> [Input data]:
====================

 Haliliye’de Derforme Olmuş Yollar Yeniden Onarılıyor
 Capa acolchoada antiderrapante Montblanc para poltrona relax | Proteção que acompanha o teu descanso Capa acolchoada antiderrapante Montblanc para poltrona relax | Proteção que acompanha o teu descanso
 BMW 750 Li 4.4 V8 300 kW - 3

====================

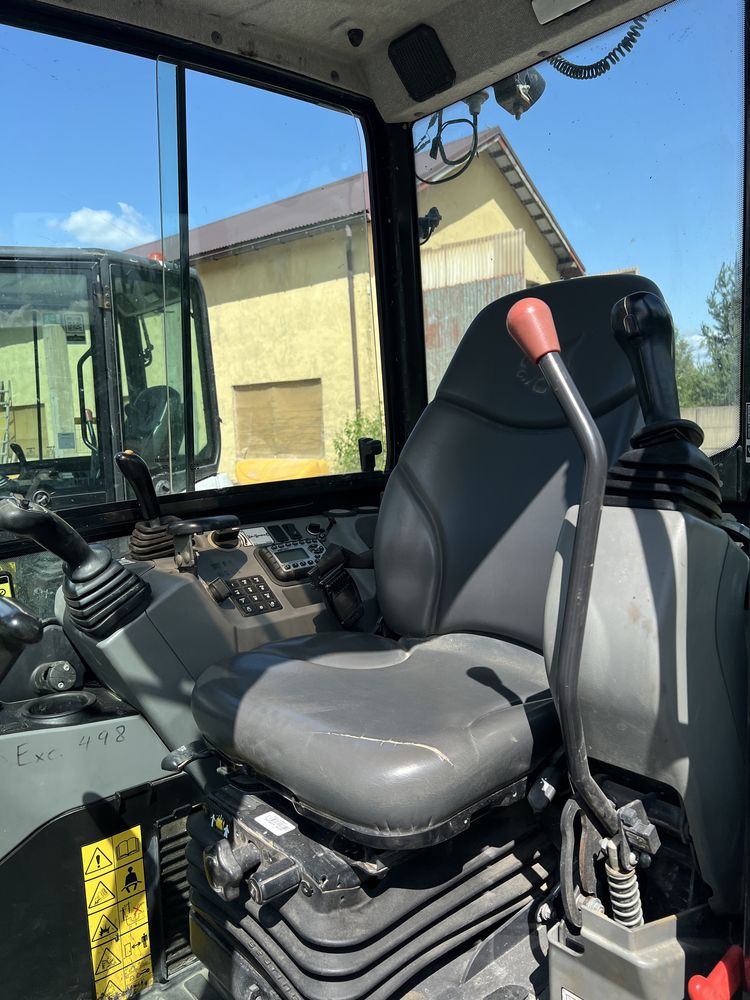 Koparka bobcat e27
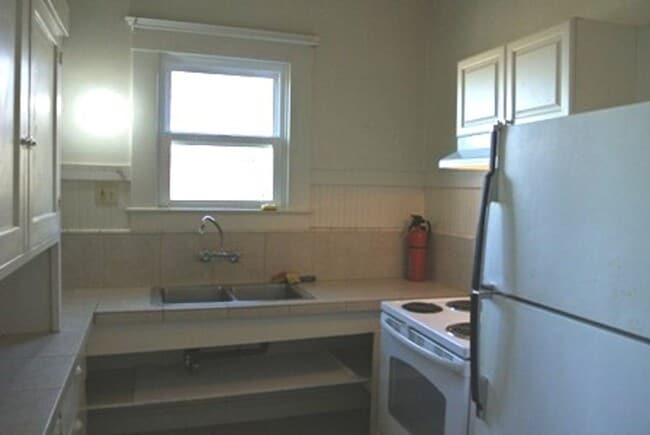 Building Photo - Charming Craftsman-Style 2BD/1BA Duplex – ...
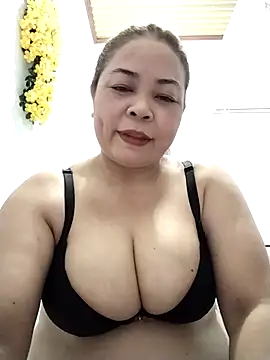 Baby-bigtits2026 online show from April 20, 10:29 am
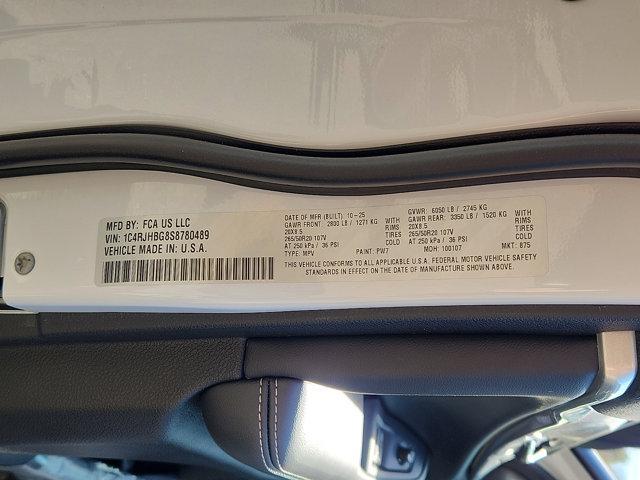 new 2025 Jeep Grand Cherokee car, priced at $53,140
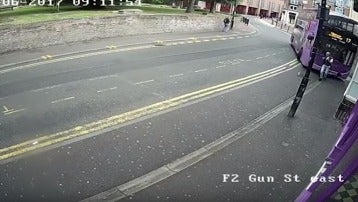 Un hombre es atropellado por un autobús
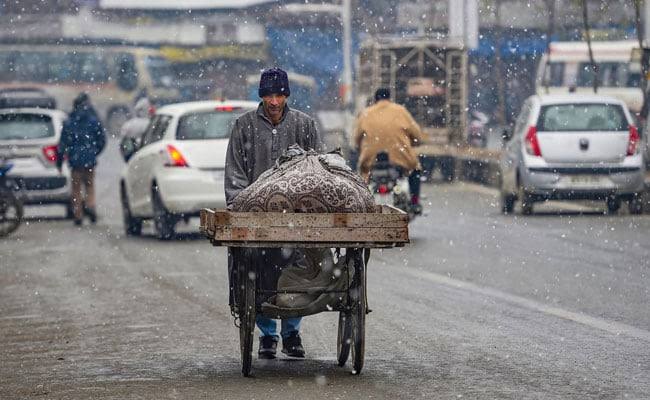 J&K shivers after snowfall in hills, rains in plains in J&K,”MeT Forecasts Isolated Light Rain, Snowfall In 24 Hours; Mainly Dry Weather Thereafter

====================

> [What this task involves]: Reproduce exactly, and only, the part of the listing above that begins at the line with "teu descanso Capa" and goes on through the line with "BMW 750 Li 4.4 V8 300 kW - 3".

> [Exercise solution]:
 Capa acolchoada antiderrapante Montblanc para poltrona relax | Proteção que acompanha o teu descanso Capa acolchoada antiderrapante Montblanc para poltrona relax | Proteção que acompanha o teu descanso
 BMW 750 Li 4.4 V8 300 kW - 3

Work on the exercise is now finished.